Required work:
In the data below, repeat the line containing "Oakland Athletics Baseball" and every following line exactly, up to and including the last line. Exclude pictures.

-- Provided data follows --

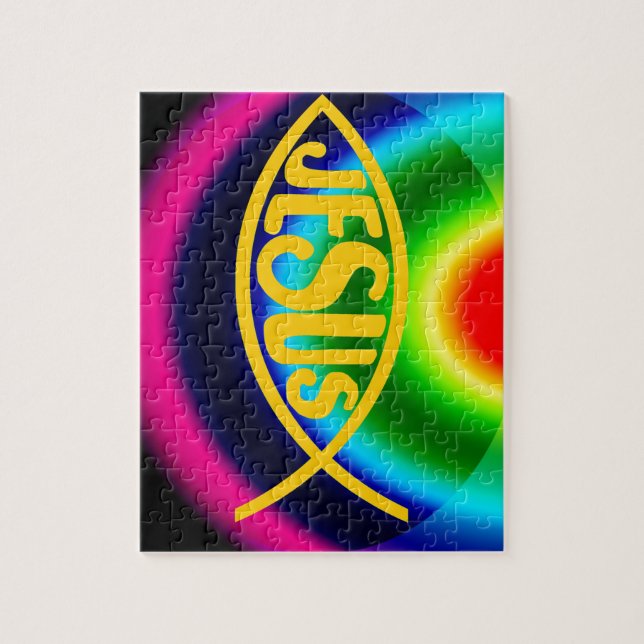 REGENBOGEN JESUS-FISCH-ICHTHYS CHRISTUS (Vertikal)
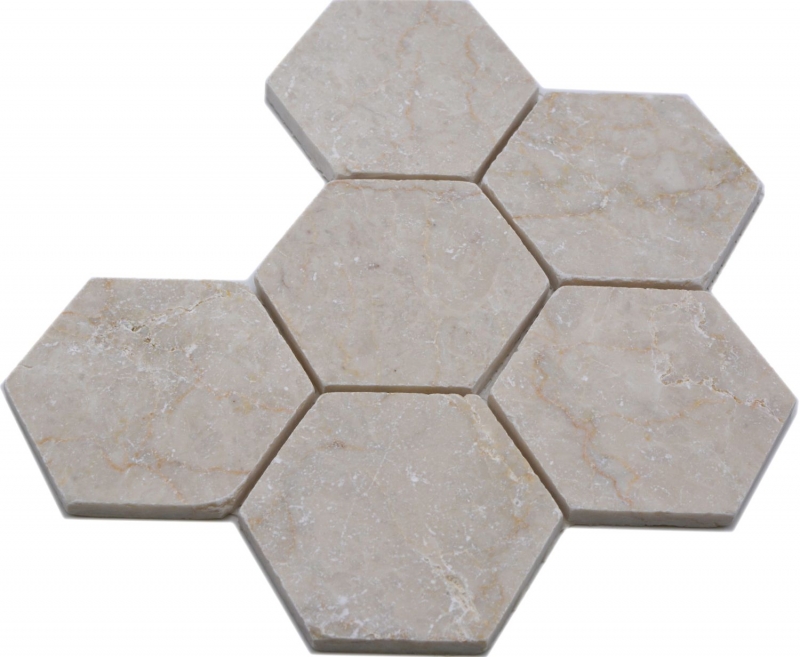 Échantillon manuel de mosaïque de pierre naturelle Marbre ivoire mat mur sol cuisine salle de bain douche MOS42-HX141_m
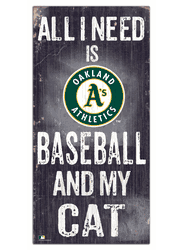 Oakland Athletics Baseball and My Cat 6x12 Sign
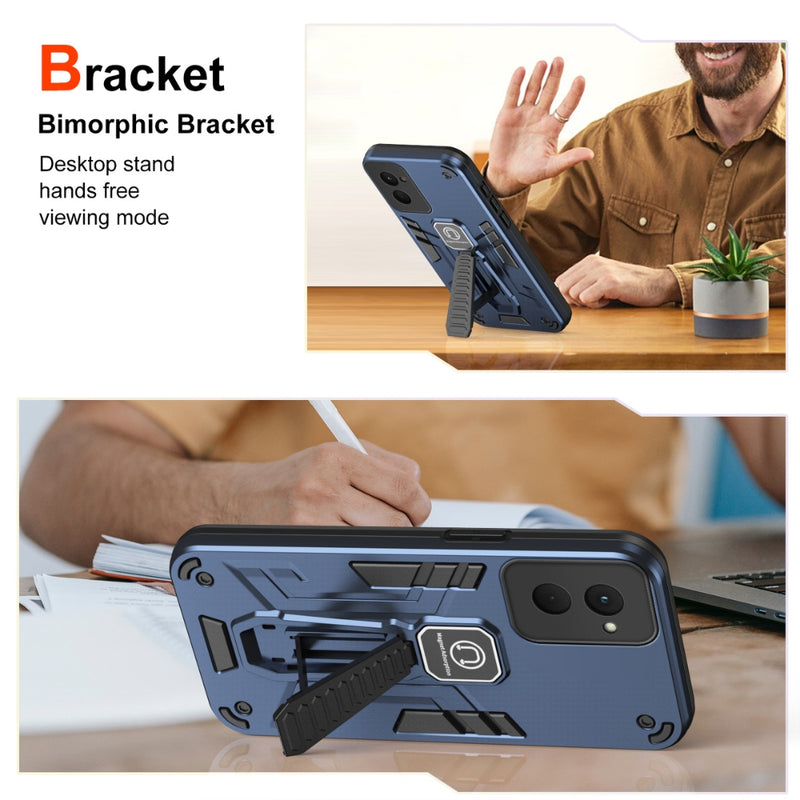 Chargez l'image dans la visionneuse de la galerie, Motorola Moto G84 - TPU + PC Full Body Shockproof Phone Case with a Hidden Kickstand - Polar Tech Australia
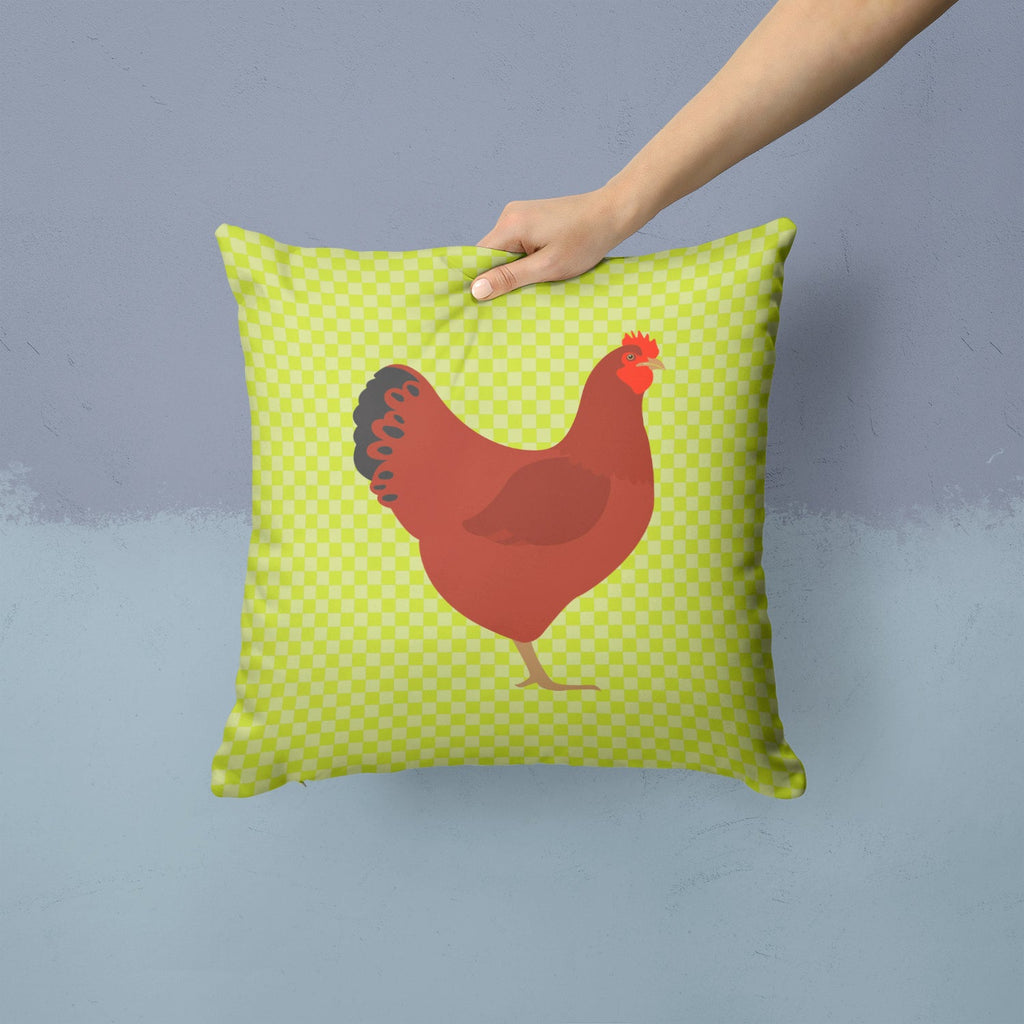 New Hampshire Red Chicken Green Decorative Throw Pillow 14x14 Indoor Outdoor Accent Cushion, Fabric Cover with Insert for Sofa, Bed, Porch & Living Room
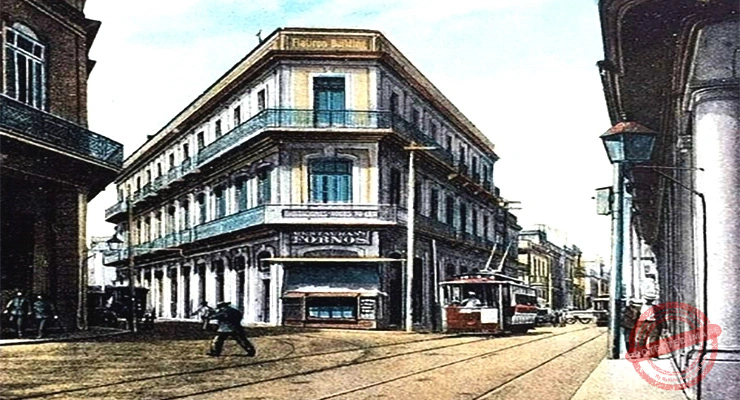 Vista del edificio donde estuvo el Hotel Bilbao antes Hotel Harrigan de la Habana. Aquí fueron detenidos los estafadores norteamericanos.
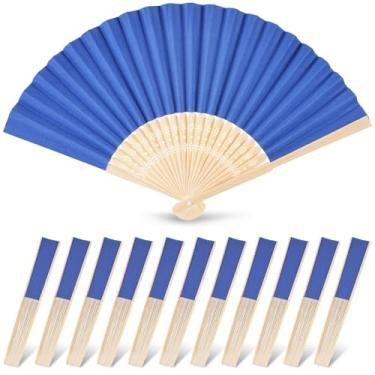 Imagem de JOHOUSE Ventiladores de bambu dobráveis, 12 peças de ventilador portátil estilo oriental ventilador japonês chinês para decoração faça você mesmo festa de dança de casamento verão azul escuro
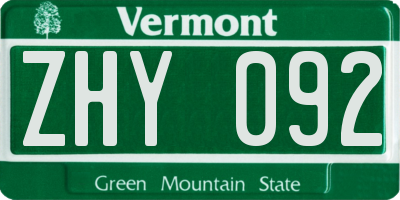VT license plate ZHY092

-- Provided data concluded --

Result for this exercise:
 Oakland Athletics Baseball and My Cat 6x12 Sign
 Chargez l'image dans la visionneuse de la galerie, Motorola Moto G84 - TPU + PC Full Body Shockproof Phone Case with a Hidden Kickstand - Polar Tech Australia
 New Hampshire Red Chicken Green Decorative Throw Pillow 14x14 Indoor Outdoor Accent Cushion, Fabric Cover with Insert for Sofa, Bed, Porch & Living Room
 Vista del edificio donde estuvo el Hotel Bilbao antes Hotel Harrigan de la Habana. Aquí fueron detenidos los estafadores norteamericanos.
 Imagem de JOHOUSE Ventiladores de bambu dobráveis, 12 peças de ventilador portátil estilo oriental ventilador japonês chinês para decoração faça você mesmo festa de dança de casamento verão azul escuro
VT license plate ZHY092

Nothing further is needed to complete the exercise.